## REQUIREMENT
The response must consist of the lines below from the one with "PIS será pago" through the one with "The Craven Hill Residence I - Hen11", exactly as they appear and with both ends kept.

--- PROVIDED INFORMATION ---

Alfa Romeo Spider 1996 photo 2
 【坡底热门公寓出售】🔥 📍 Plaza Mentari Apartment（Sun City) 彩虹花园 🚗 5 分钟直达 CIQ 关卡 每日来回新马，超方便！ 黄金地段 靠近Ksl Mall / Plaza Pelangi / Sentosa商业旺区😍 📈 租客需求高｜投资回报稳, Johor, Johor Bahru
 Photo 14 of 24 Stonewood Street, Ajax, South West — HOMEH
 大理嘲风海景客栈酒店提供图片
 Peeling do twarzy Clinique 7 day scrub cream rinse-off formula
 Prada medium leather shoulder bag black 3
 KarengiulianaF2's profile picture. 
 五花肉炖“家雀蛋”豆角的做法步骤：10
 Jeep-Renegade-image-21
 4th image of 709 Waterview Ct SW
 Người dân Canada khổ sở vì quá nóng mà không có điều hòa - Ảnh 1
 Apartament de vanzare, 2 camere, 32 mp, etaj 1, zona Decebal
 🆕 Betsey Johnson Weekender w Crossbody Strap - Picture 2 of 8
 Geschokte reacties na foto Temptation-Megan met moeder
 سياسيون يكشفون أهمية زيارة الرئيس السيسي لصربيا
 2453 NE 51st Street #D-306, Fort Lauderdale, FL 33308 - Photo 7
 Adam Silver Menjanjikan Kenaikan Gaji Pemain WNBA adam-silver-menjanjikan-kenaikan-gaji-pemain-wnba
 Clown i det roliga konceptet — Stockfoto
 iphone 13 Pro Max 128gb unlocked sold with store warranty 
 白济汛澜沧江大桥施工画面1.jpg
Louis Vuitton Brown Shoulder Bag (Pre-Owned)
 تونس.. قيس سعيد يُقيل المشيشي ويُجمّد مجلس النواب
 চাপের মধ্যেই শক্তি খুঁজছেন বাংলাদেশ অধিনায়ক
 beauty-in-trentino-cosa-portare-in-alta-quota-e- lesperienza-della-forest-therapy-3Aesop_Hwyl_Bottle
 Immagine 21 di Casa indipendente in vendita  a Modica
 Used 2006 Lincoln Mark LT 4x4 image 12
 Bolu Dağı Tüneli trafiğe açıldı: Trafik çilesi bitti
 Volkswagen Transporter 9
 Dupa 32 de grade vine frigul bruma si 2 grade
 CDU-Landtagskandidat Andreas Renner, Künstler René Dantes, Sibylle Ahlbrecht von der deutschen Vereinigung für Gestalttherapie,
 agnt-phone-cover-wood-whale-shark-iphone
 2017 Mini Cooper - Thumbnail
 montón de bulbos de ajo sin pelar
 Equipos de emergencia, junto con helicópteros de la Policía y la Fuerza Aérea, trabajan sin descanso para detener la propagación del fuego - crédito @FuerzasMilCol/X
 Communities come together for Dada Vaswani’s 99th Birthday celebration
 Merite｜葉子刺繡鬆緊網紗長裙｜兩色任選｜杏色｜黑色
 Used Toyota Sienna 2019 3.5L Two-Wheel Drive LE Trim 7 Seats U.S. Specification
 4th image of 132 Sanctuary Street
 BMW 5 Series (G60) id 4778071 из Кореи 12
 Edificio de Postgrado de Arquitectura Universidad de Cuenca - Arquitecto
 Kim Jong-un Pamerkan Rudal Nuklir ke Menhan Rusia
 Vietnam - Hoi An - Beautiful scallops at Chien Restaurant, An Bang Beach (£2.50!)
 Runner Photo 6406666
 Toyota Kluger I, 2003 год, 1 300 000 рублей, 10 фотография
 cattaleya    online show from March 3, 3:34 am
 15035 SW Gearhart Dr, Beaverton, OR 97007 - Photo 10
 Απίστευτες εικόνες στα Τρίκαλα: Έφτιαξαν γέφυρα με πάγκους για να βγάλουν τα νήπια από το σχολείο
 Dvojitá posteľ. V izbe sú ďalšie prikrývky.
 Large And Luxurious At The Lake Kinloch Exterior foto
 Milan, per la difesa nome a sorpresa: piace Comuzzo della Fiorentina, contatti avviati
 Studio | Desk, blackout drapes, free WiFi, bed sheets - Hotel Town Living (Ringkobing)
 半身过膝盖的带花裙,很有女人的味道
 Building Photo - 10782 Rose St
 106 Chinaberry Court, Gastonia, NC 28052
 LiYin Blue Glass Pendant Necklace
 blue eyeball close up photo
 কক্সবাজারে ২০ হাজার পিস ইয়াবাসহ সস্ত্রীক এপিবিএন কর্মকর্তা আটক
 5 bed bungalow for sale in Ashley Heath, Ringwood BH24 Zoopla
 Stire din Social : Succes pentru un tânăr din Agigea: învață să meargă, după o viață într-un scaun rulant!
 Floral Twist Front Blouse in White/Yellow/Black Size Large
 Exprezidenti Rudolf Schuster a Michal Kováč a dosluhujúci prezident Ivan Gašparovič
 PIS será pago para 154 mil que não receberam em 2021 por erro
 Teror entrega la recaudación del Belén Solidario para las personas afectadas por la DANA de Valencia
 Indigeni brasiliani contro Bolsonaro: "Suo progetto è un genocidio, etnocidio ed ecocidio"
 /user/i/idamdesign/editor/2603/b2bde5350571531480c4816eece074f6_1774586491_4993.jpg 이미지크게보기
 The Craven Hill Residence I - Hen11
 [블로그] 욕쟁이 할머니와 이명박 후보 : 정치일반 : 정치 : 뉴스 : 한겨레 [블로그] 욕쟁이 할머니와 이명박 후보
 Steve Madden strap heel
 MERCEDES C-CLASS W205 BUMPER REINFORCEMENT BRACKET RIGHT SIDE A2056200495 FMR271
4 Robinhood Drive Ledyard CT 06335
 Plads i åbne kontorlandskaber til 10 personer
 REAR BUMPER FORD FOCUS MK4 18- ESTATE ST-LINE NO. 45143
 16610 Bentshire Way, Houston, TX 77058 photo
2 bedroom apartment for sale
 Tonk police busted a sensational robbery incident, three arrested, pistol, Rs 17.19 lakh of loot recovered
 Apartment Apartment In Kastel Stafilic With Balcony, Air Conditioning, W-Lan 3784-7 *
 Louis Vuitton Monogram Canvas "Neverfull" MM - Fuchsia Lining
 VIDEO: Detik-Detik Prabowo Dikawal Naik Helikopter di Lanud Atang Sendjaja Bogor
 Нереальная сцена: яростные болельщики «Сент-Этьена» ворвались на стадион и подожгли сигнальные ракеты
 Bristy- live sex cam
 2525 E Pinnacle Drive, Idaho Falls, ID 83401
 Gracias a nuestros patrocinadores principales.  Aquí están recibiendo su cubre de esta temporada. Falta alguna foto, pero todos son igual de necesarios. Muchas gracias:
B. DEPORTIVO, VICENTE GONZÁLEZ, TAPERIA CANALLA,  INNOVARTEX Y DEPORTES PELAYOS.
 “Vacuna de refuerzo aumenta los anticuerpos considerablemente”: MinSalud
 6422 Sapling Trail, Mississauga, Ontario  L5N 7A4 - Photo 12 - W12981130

---

## COMPLETED TASK
 PIS será pago para 154 mil que não receberam em 2021 por erro
 Teror entrega la recaudación del Belén Solidario para las personas afectadas por la DANA de Valencia
 Indigeni brasiliani contro Bolsonaro: "Suo progetto è un genocidio, etnocidio ed ecocidio"
 /user/i/idamdesign/editor/2603/b2bde5350571531480c4816eece074f6_1774586491_4993.jpg 이미지크게보기
 The Craven Hill Residence I - Hen11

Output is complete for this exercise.